You have been hired by the City of Vancouver GIS department. After geological events that have transpired recently around the world, your supervisor wants you to prepare a map that highlights the areas in the city that are more at risk from a tsunami. (Risk of tsunami in Vancouver is small due to Vancouver Island, however, there is still a risk, and the analysis in this lab could be applied to any coastal city in the world, or to sea level rise due to climate change). Although the height, speed and inland reach of a tsunami depend on many factors, we will simplify for this exercise that the immediate danger zone from a 10-metre wave is mainly to the low lying areas at, or below, 10 metres that lie up to 1 kilometre from the shoreline. The municipality is interested in the following information:

•  total area threatened, listed by land use type;
• length of the roads that might be affected, broken down by road type; (highway, major road, local road, etc.);
• number of educational and health care facilities within the danger zone, if any;
• locations to put up tsunami warning signage

Here is the map I have produced: Potential Areas of Impact

Results

12.126% of City of Vancouver’s area is in danger. I found this through opening the attribution table of Vancouver Danger and got the sum of the area: 15889260.298512meters (1588.93hectares). Then, I opened the attribution table of VancouverMask and got the sum of the area which was 131033339.950334meters (13103.33 hectares). Dividing Vancouver danger zone from the overall Vancouver map and multiplying that number by 100 gave me the percentage.
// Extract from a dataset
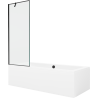 Mexen Cube cadă dreptunghiulară de 170 x 80 cm cu panouri si paravan cu 1 aripă 70 cm, Model negru - 550517080X9507007070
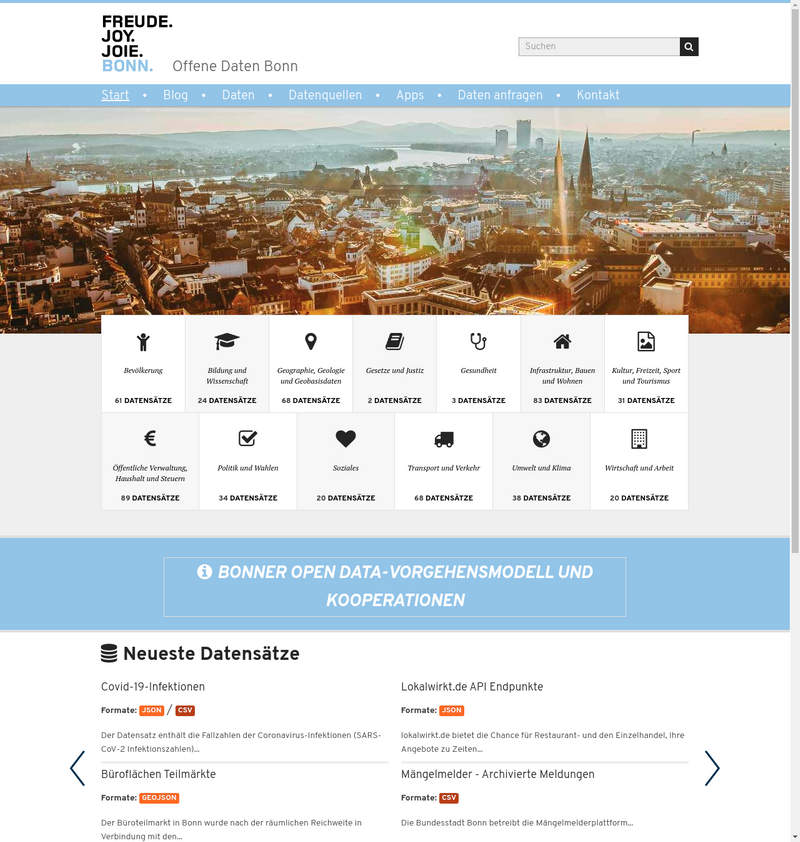 Open Data Portal der Stadt Bonn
ST ANTHONY OF PADUA, ECOLE ROSE DES VENTS, FALSE CREEK ELEMENTARY, EMILY CARR INSTITUTE OF ART & DESIGN (ECIAD), HENRY HUDSON ELEMENTARY would be under the danger zone.

To see this I:

1. I clipped together Vancouver Danger and VancouverMask to identify the danger areas in Vancouver creating a new layer called Vancouver_Area_Danger
2. Then clipped together Vancouver_Area_Danger with Vancouver Education in order to see what schools fell under the danger zone.
3. When I tried to clip together Vancouver Health and Vancouver Area Danger, the attribution table did not show any data, implying there were no health facilities in the danger zone.